University of Pittsburgh Medical Center, Hillman Cancer Center, Pittsburgh, PA, USA.
University of California San Francisco Helen Diller Family Comprehensive Cancer Center, San Francisco, CA, USA.
Eur J Cancer. 2019 Jan;107:142-152. doi: 10.1016/j.ejca.2018.11.015. Epub 2018 Dec 18.
Patients with recurrent/metastatic head and neck squamous cell carcinoma (R/M HNSCC) progressing on platinum-based chemotherapy have poor prognoses and limited therapeutic options. Programmed cell death-1 (PD-1) and its ligand 1 (PD-L1) are frequently upregulated in HNSCC. The international, multi-institutional, single-arm, phase II HAWK study (NCT02207530) evaluated durvalumab monotherapy, an anti-PD-L1 monoclonal antibody, in PD-L1-high patients with platinum-refractory R/M HNSCC.
Immunotherapy-naïve patients with confirmed PD-L1-high tumour cell expression (defined as patients with ≥25% of tumour cells expressing PD-L1 [TC ≥ 25%] using the VENTANA PD-L1 [SP263] Assay) received durvalumab 10 mg/kg intravenously every 2 weeks for up to 12 months. The primary end-point was objective response rate; secondary end-points included progression-free survival (PFS) and overall survival (OS).
Among evaluable patients (n = 111), objective response rate was 16.2% (95% confidence interval [CI], 9.9-24.4); 29.4% (95% CI, 15.1-47.5) for human papillomavirus (HPV)-positive patients and 10.9% (95% CI, 4.5-21.3) for HPV-negative patients. Median PFS and OS for treated patients (n = 112) was 2.1 months (95% CI, 1.9-3.7) and 7.1 months (95% CI, 4.9-9.9); PFS and OS at 12 months were 14.6% (95% CI, 8.5-22.1) and 33.6% (95% CI, 24.8-42.7). Treatment-related adverse events were 57.1% (any grade) and 8.0% (grade ≥3); none led to death. At data cut-off, 24.1% of patients remained on treatment or in follow-up.

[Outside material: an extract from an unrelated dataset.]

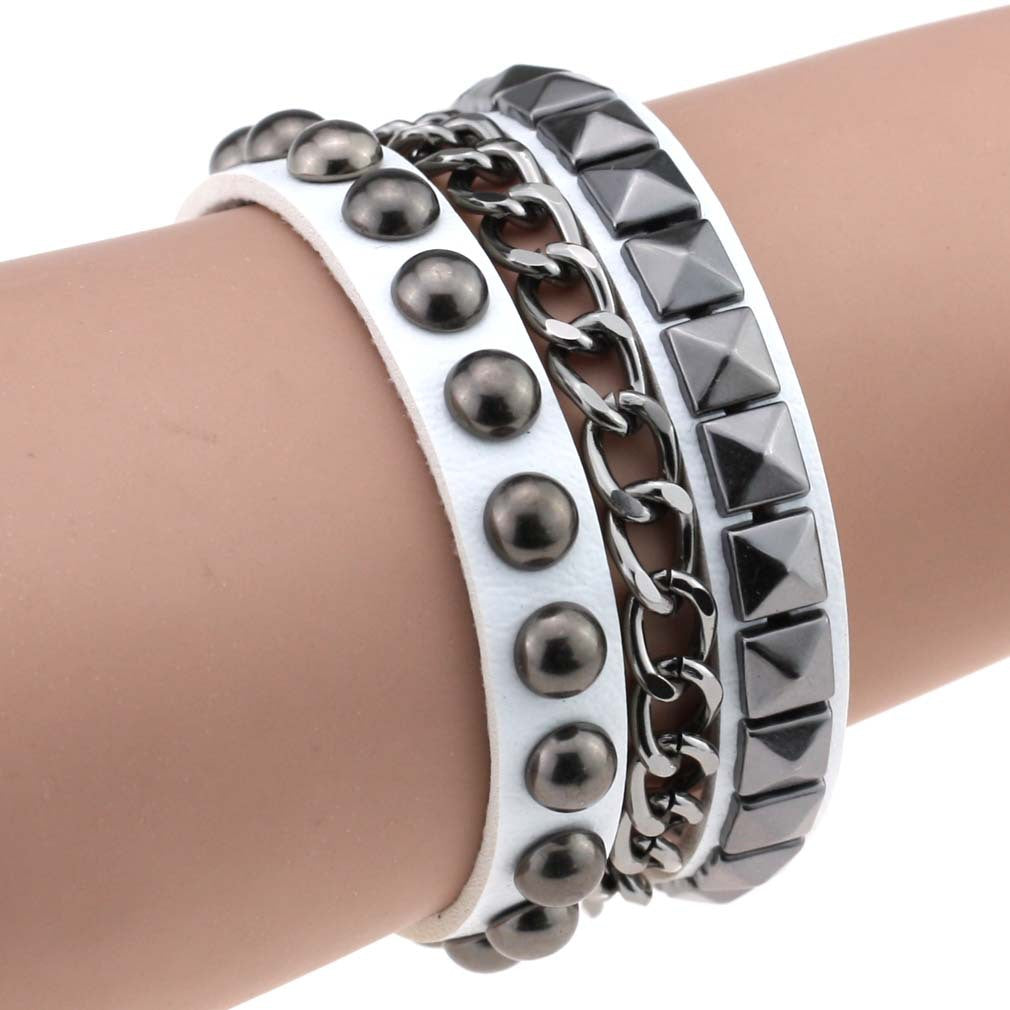 Fashion Square Round Rivet Iron Chain Bracelets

Durvalumab demonstrated antitumour activity with acceptable safety in PD-L1-high patients with R/M HNSCC, supporting its ongoing evaluation in phase III trials in first- and second-line settings. In an ad hoc analysis, HPV-positive patients had a numerically higher response rate and survival than HPV-negative patients.

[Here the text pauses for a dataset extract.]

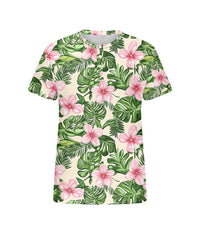 Men's Plus Size Hawaiian Green Floral Print Henry Collar Button Short Sleeve Tee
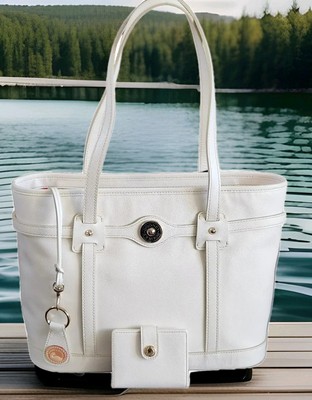 🌞DOONEY & BOURKE WHITE LEATHER LOGO LOCK TOTE BAG + WALLET + KEY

铂类化疗后复发/转移性头颈部鳞状细胞癌(R/M HNSCC)患者预后较差,治疗选择有限。程序性死亡受体-1(PD-1)及其配体 1(PD-L1)在 HNSCC 中经常上调。国际多机构单臂 II 期 HAWK 研究(NCT02207530)评估了 durvalumab 单药治疗,这是一种抗 PD-L1 单克隆抗体,用于治疗 PD-L1 高表达的铂类难治性 R/M HNSCC 患者。
免疫治疗初治患者肿瘤细胞表达 PD-L1 高(定义为使用 VENTANA PD-L1 [SP263] 检测试剂盒,肿瘤细胞表达 PD-L1 的患者≥25%[TC≥25%]),接受 durvalumab 10mg/kg 静脉注射,每 2 周一次,最长 12 个月。主要终点为客观缓解率;次要终点包括无进展生存期(PFS)和总生存期(OS)。
在可评估的患者中(n=111),客观缓解率为 16.2%(95%可信区间[CI],9.9-24.4);HPV 阳性患者为 29.4%(95%CI,15.1-47.5),HPV 阴性患者为 10.9%(95%CI,4.5-21.3)。接受治疗的患者中位 PFS 和 OS 分别为 2.1 个月(95%CI,1.9-3.7)和 7.1 个月(95%CI,4.9-9.9);12 个月时的 PFS 和 OS 分别为 14.6%(95%CI,8.5-22.1)和 33.6%(95%CI,24.8-42.7)。治疗相关不良事件发生率为 57.1%(任何级别)和 8.0%(≥3 级);无治疗相关死亡。在数据截止时,24.1%的患者仍在接受治疗或随访中。
在 PD-L1 高的 R/M HNSCC 患者中,durvalumab 表现出抗肿瘤活性,安全性可接受,支持其在一线和二线治疗的 III 期试验中进一步评估。在一项专门分析中,HPV 阳性患者的缓解率和生存率均高于 HPV 阴性患者。